Let a model do the tedious clicking for you
Anno-Mage uses PyTorch detection models—including zero-shot OWL-v2—to suggest bounding boxes so you only correct the mistakes.

What it does Anno-Mage is a semi-automatic image annotation tool that runs detection models in the background and proposes bounding boxes for your custom labels. You review, tweak, and confirm. It ships as both a pip-installable desktop app and a FastAPI + React web stack. Output is plain CSV or Pascal VOC XML—nothing proprietary.
The interesting bit The zero-shot hook is the real labor-saver: feed it arbitrary text labels via OWL-v2 and the model will attempt to find them without ever seeing training examples. For known categories, it falls back to standard PyTorch RetinaNet. The same backend drives both the web UI and the PyPI package, so you’re not maintaining two divergent tools.
Key highlights
- OWL-v2 open-vocabulary detection: describe objects in plain text, no retraining
- Dual interface:
pip install anno-magefor local use, or run the FastAPI/React web app - Annotations land as CSV or Pascal VOC XML in
~/.anno-mage/annotations/ - CI/CD pipeline auto-publishes to PyPI on version tags via Trusted Publishers (no API tokens)

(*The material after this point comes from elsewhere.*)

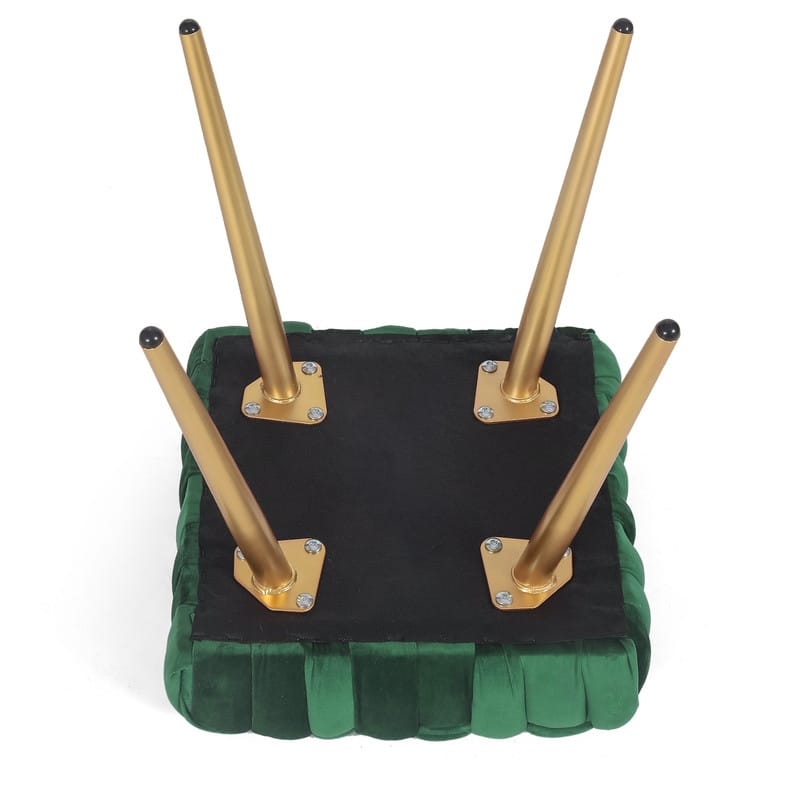 Adeco Knit Lines Ottoman Stool Seat for Living Room - Chairs Modern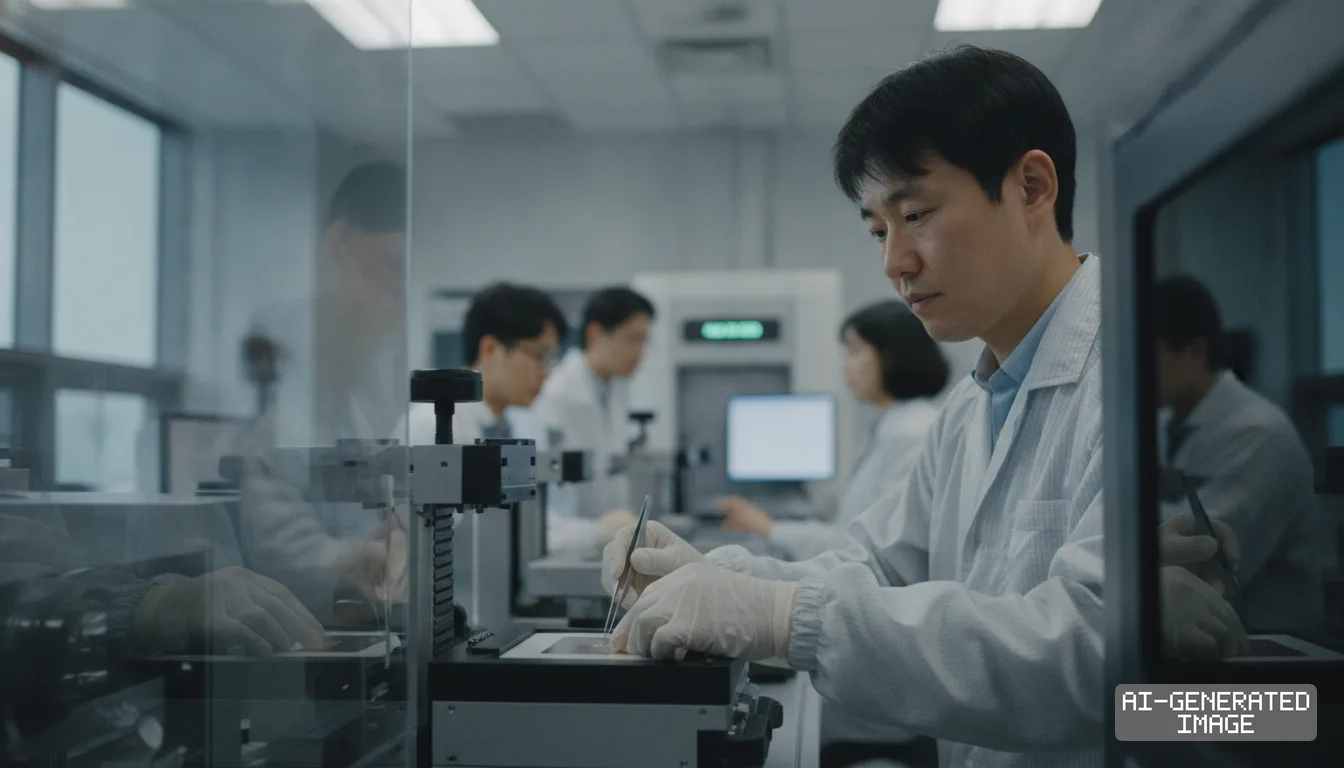 Researchers in lab coats handle semiconductor materials using precision tools in a cleanroom testing laboratory. (AI-generated image)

- Demo GIF shows the actual interaction loop: model proposes, human adjusts
Caveats
- The README notes the web app exists but pushes you to
web/README.mdfor details; the main docs are thin on model performance or hardware requirements - Zero-shot detection is convenient but historically prone to false positives; the project doesn’t quantify accuracy or correction rates
Verdict Worth a spin if you’re labeling hundreds of images and your categories are either COCO-standard or describable in a short phrase. Skip it if you need pixel-perfect segmentation or rigorous QA workflows—this is bounding-box-only territory.